Entries taken from a collection:

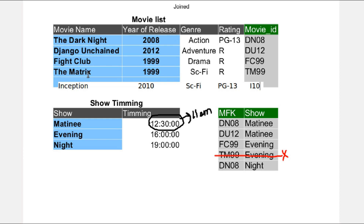And as you see in the movie list table, all fields are definitely dependent on the key fields. Same in the timing table. So both tables are in second normal form. Thank you all. See you in the next tutorial.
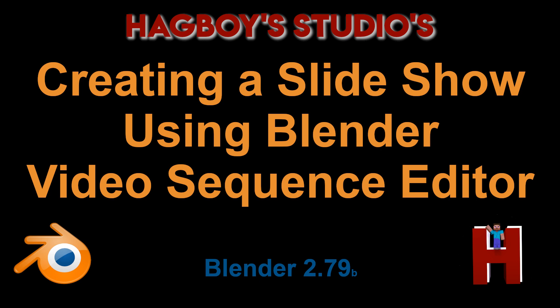Hello, this is Hagboy Studios. Today we're going to do a quick short tutorial on using Blender Video Sequence Editor.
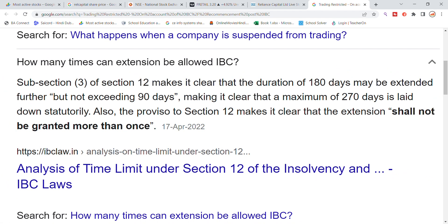Under IBC, a 180-day extension is allowed, which can be further extended by 90 days — making a total of 270 days of extension. Beyond that, no further extension is allowed. This is the current situation for Reliance Capital.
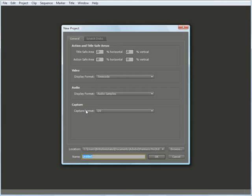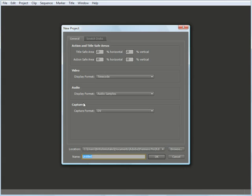I have two tabs in this window, a General tab and a Scratch Disk tab. Underneath the General tab, you can adjust your Action and Title Safe areas, your Video Display format, your Audio Display format, and you can adjust the Capture format.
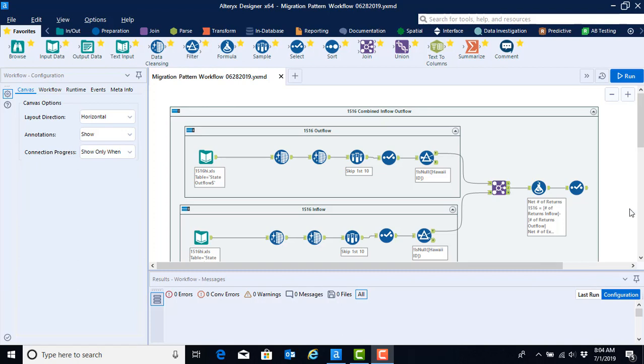Now that we've completed our workflow for the 15-16 year and we have both our outflow and inflow data combined and our formulas computed to get the nets, the next thing that we need to do is repeat this workflow for all the remaining years that we need the data for.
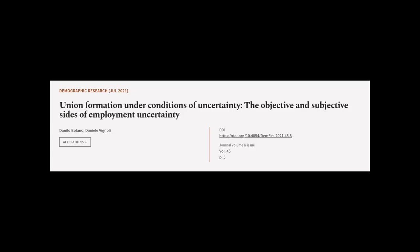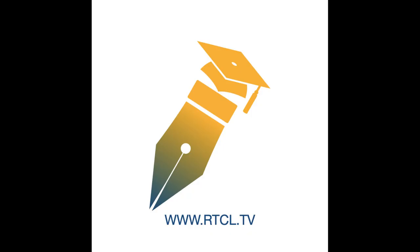This article was offered by Danilo Bolano and Daniele Vignoli. We are article.tv, links in the description below.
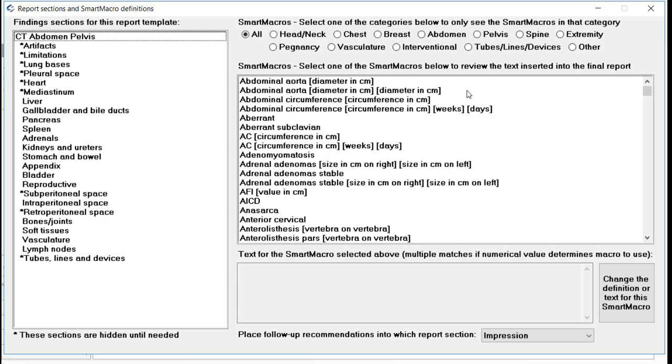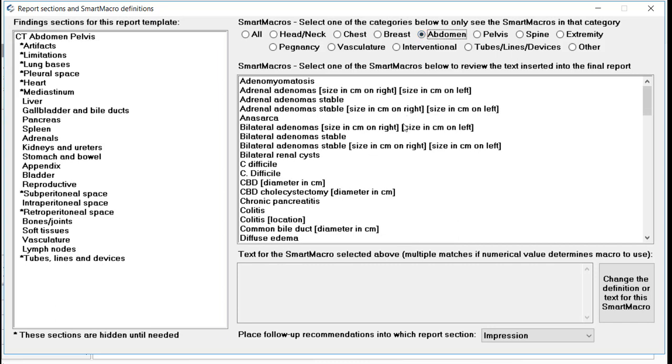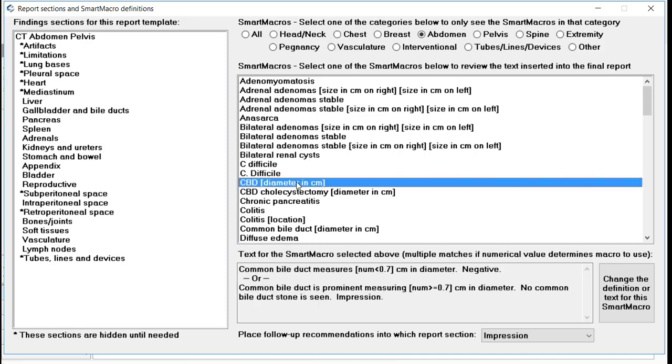Note you can limit the list to a certain type of smart macro by picking the radio button at the top of the window. Let's select the abdominal smart macros. Note that there is a smart macro for common bile duct size. If we select this smart macro, we see that the text generated will actually differ depending on the number inserted into the smart macro. For a diameter of greater than or equal to 7 mm, a statement is placed into the impression stating that there is an enlarged common bile duct, but no common bile duct stone.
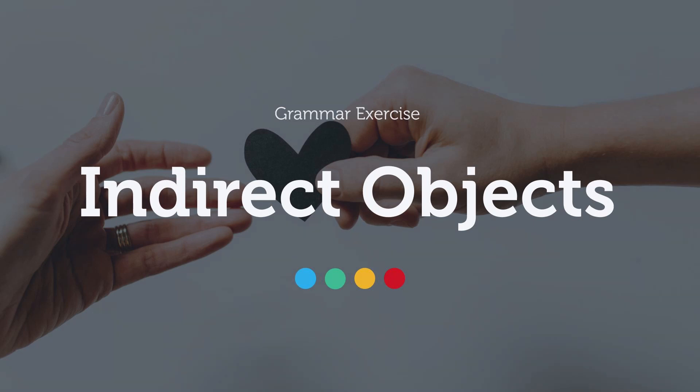Something that can make you sound less natural in English is using indirect objects incorrectly. Let me give you some advice.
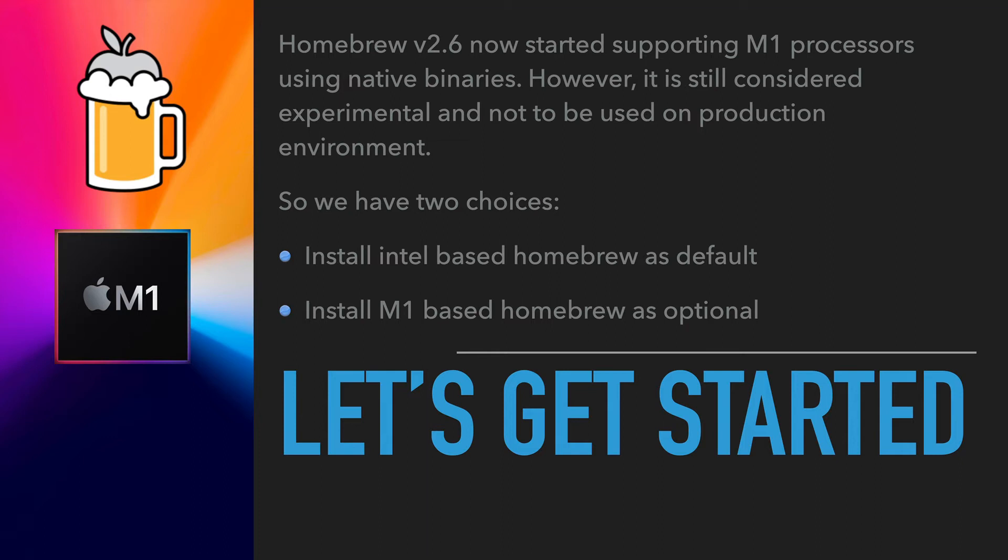I'm going to set up iTerm to run in Intel mode, which is the Rosetta Stone-based translation mode. That will allow me to access the full Homebrew—all the Homebrew packages will work properly by default. I'm going to make a copy of iTerm and tell it to run in the native mode, and that'll be the M1 version.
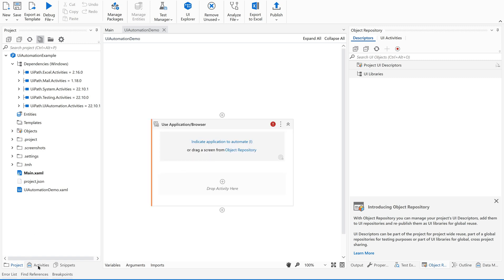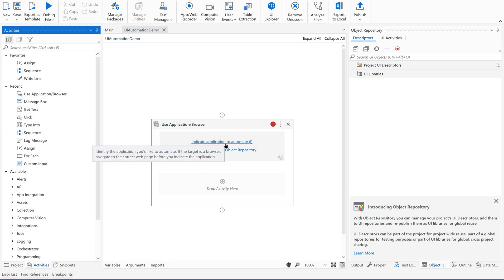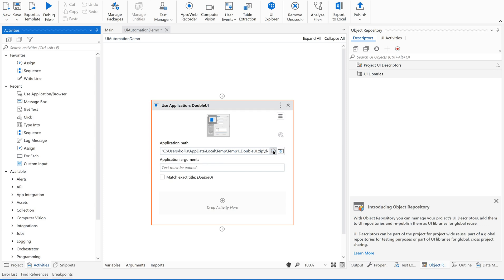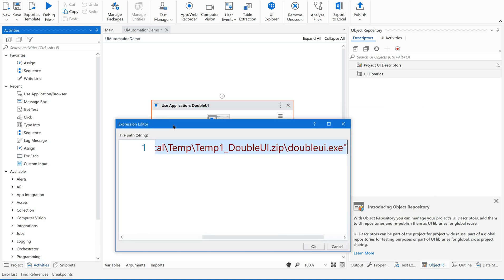Now that we have the Use Application or Browser activity, we need to indicate the application we are going to automate. Select the application and it will automatically load the path of the application from your local machine. When running this project, there's no need to open the application beforehand — it will automatically open because we have given this path.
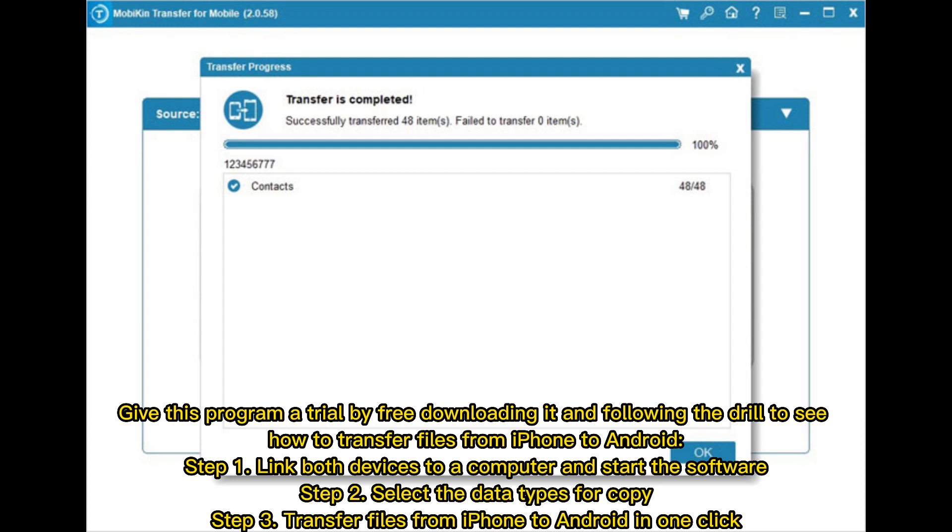Give this program a trial by downloading it and following the drill to see how to transfer files from iPhone to Android. Step 1: Link both devices to a computer and start the software. Step 2: Select the data types for copy. Step 3: Transfer files from iPhone to Android in one click.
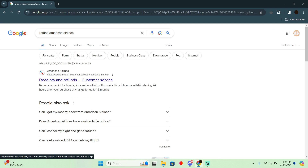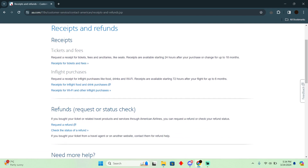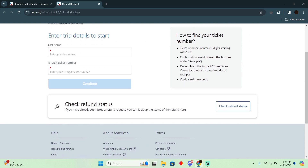Afterwards, you have to go to the first website, which is receipt and refunds. After going to this, you will easily be able to see all of this. You have to click on 'request a refund.' After clicking on that, it will open up a new page.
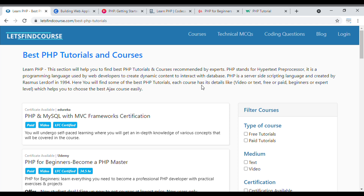That's it for this video. If you liked this video, please like it and comment your thoughts. If you haven't shared this video, please share it with everyone who wants to learn PHP. If you haven't subscribed to our channel, please subscribe and press the bell icon. We'll see you in our next video.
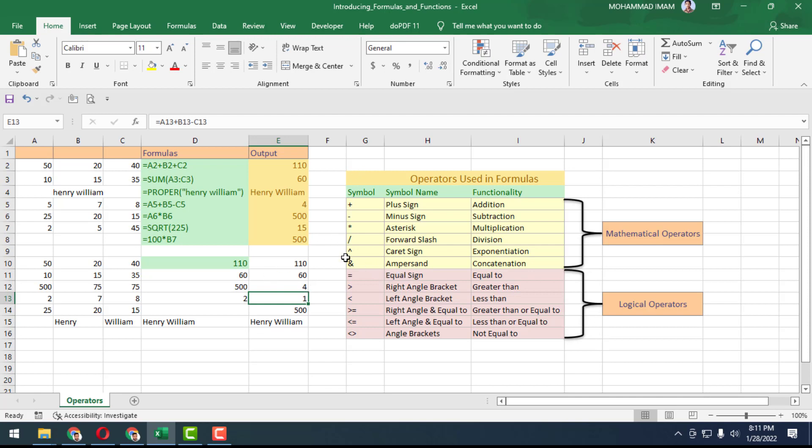This way we can complete the formulas. This is only introducing formulas. I just introduced the functions and formulas, nothing else. We will go more advanced in the next lesson.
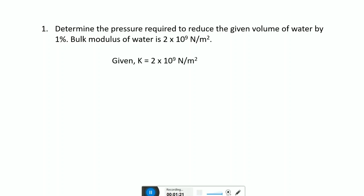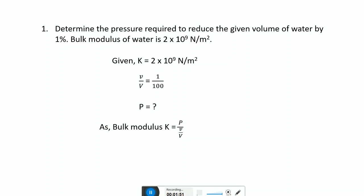First, write down the given parameters. Bulk modulus K of water is given as 2 into 10 raised to 9 newton per meter square. The change in volume to the original volume is equal to 1 by 100, and we have to find the value of p. Bulk modulus K equals volume stress to volume strain, where stress is F upon A which is equivalent to pressure p, and volume strain is change in volume to the original volume.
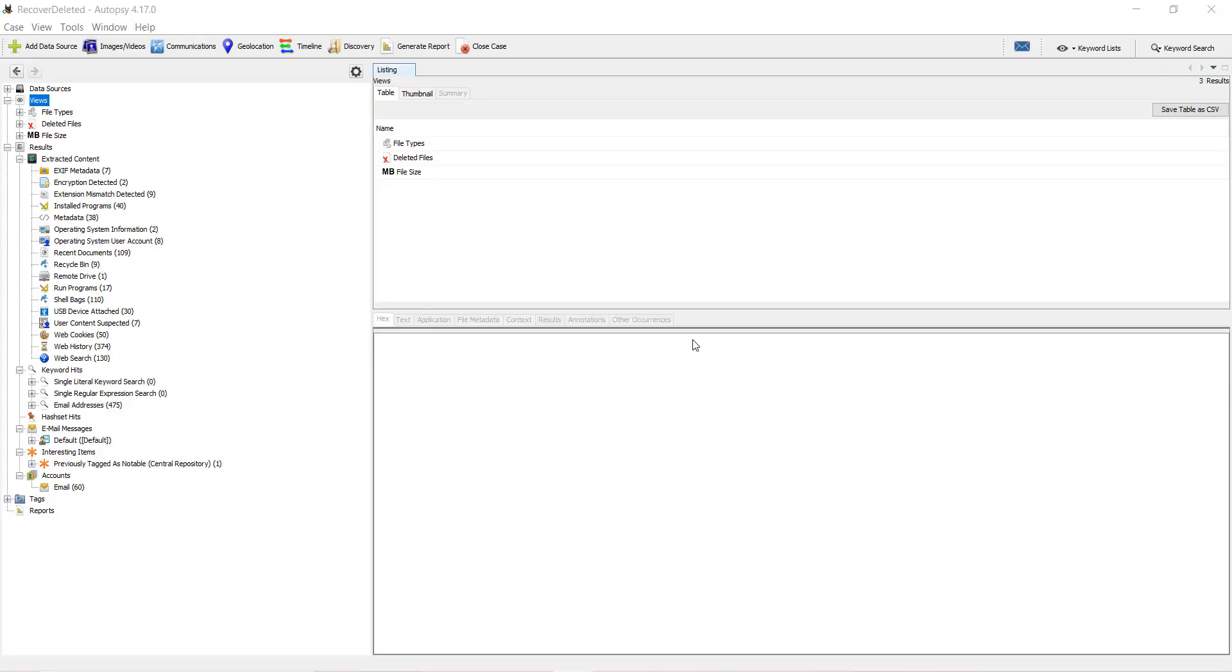Let's do an analysis of the USB device history attached to the system previously and see how it looks. We will be using Autopsy Digital Forensics to analyze USB device attachments. I have already loaded the case with the evidence added to it.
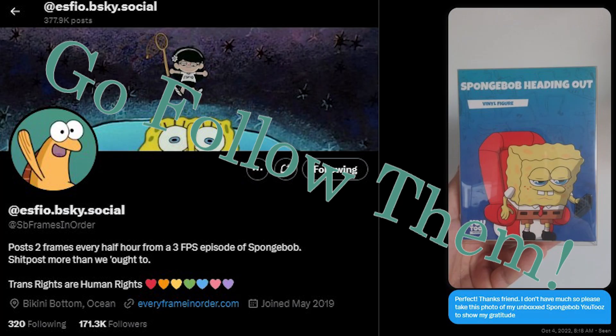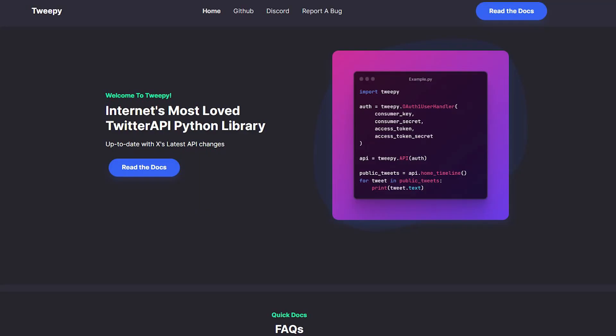Almost immediately I ran into my first problem — I've never coded in Python before. I was hoping I could get away with doing this in JavaScript, but it looks like the library you need for the API no longer exists. I think I'm gonna give it a try with Python. In the past I've connected with every Spongebob frame in order, and they directed me to Tweepy, which is the Python library that's still active and is what most people use. I don't think it's gonna be very hard code, so this will just be a learning experience.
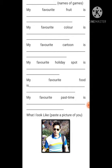My favorite food is — write what you like to eat. For example, rice and pulses, or fast food items like pizza or burger. My favorite pastime is — this refers to what you do when you're not studying or sleeping. For example, some people love dancing, swimming, drawing, or making crafts. Do not write sleeping, because that is not a pastime.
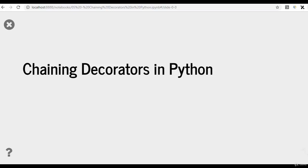Hey there, this is your facilitator, Commander Radha for this course, Decorators in Python. In this video, we'll be discussing chaining decorators in Python.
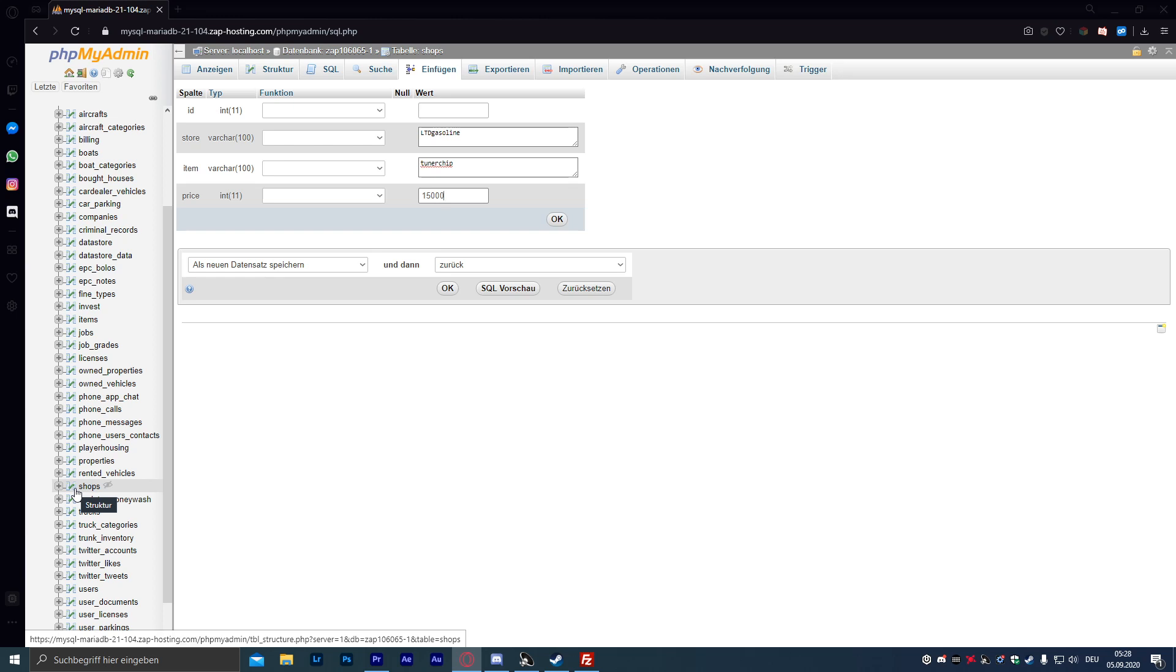Ich bedanke mich bei allen Kanalmitgliedern, vielen, vielen Dank für euren Support. Ohne euch wären diese Videos hier gar nicht möglich. Ich hoffe, wir sehen uns im nächsten Video wieder. Vergesst nicht, das Video zu bewerten, wenn es euch weitergeholfen hat und schaut unbedingt bei der Playlist vorbei, die jetzt hier am Ende verlinkt ist.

**The task**
Each line above that falls between the line with "I'm going to set" and the line with "First, write down" should be printed exactly, together with those two lines, but the pictures should not.

**Answer box**
I'm going to set up iTerm to run in Intel mode, which is the Rosetta Stone-based translation mode. That will allow me to access the full Homebrew—all the Homebrew packages will work properly by default. I'm going to make a copy of iTerm and tell it to run in the native mode, and that'll be the M1 version.
Now that we have the Use Application or Browser activity, we need to indicate the application we are going to automate. Select the application and it will automatically load the path of the application from your local machine. When running this project, there's no need to open the application beforehand — it will automatically open because we have given this path.
Give this program a trial by downloading it and following the drill to see how to transfer files from iPhone to Android. Step 1: Link both devices to a computer and start the software. Step 2: Select the data types for copy. Step 3: Transfer files from iPhone to Android in one click.
Afterwards, you have to go to the first website, which is receipt and refunds. After going to this, you will easily be able to see all of this. You have to click on 'request a refund.' After clicking on that, it will open up a new page.
That's it for this video. If you liked this video, please like it and comment your thoughts. If you haven't shared this video, please share it with everyone who wants to learn PHP. If you haven't subscribed to our channel, please subscribe and press the bell icon. We'll see you in our next video.
This way we can complete the formulas. This is only introducing formulas. I just introduced the functions and formulas, nothing else. We will go more advanced in the next lesson.
First, write down the given parameters. Bulk modulus K of water is given as 2 into 10 raised to 9 newton per meter square. The change in volume to the original volume is equal to 1 by 100, and we have to find the value of p. Bulk modulus K equals volume stress to volume strain, where stress is F upon A which is equivalent to pressure p, and volume strain is change in volume to the original volume.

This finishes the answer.